Re: Non-superuser subscription owners - Mailing list pgsql-hackers

On Wed, Feb 1, 2023 at 3:37 PM Andres Freund <andres@anarazel.de> wrote:
> The general point is that IMO is that in many setups you should use a
> user with fewer privileges than a superuser.  It doesn't really matter
> whether we have an ad-hoc restriction for system catalogs. More often
> than not being able to modify other tables will give you a lot of
> privileges too.

I don't know what you mean by this. DML doesn't confer privileges. If
code gets executed and runs with the replication user's credentials,
that could lead to privilege escalation, but just moving rows around
doesn't, at least not in the database sense. It might confer
unanticipated real-world benefits, like if you can update your own
salary or something, but in the context of replication you have to
have had the ability to do that on some other node anyway. If that
change wasn't supposed to get replicated to the local node, then why
are we using replication? Or why is that table in the publication? I'm
confused.

> > The thing I'm struggling to understand is: if you only want to
> > replicate into tables that Alice can write, why not just make Alice
> > own the subscription?
>
> Because it implies that the replication happens as a user that's
> privileged enough to change the configuration of replication.

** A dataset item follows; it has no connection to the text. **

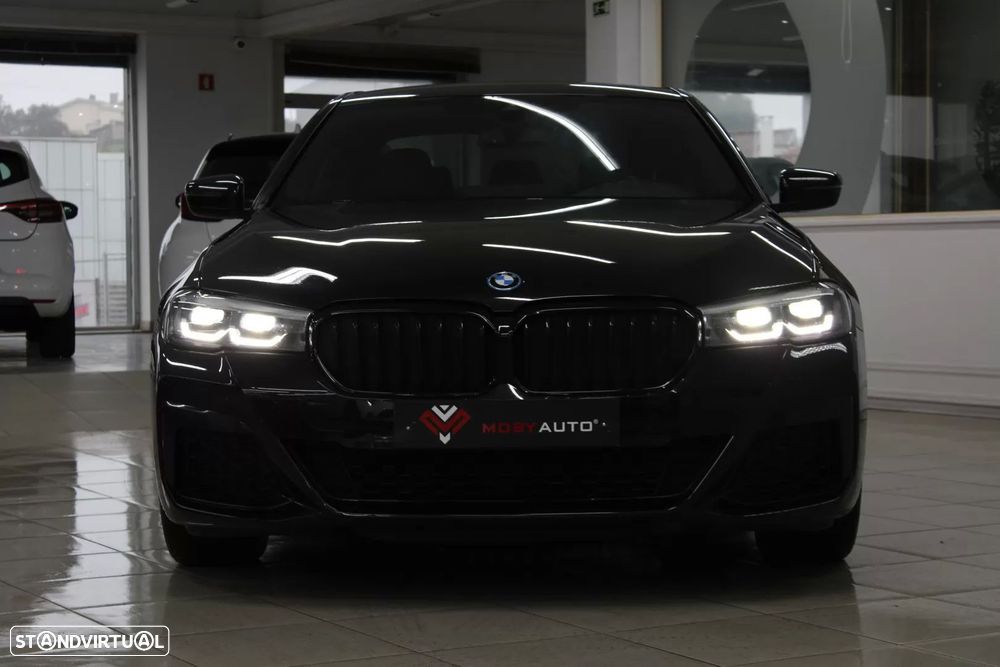BMW 520 e Pack M - 26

But again, replication is just about inserting, updating, and deleting
rows. To change the replication configuration, you have to be able to
parlay that into the ability to execute code. That's why I think
trigger security is really important. But I'm wondering if there's
some way we can handle that that doesn't require us to make a decision
about arun-as user. For instance, if firing triggers as the table
owner is an acceptable solution, then the only thing that the run-as
user is actually controlling is which tables we're willing to
replicate into in the first place (unless there's some other way that
logical replication can run arbitrary code). The name almost becomes a
misnomer in that case. It's not a run-as user, it's
use-this-user's-permissions-to-see-if-I-should-fail-replication user.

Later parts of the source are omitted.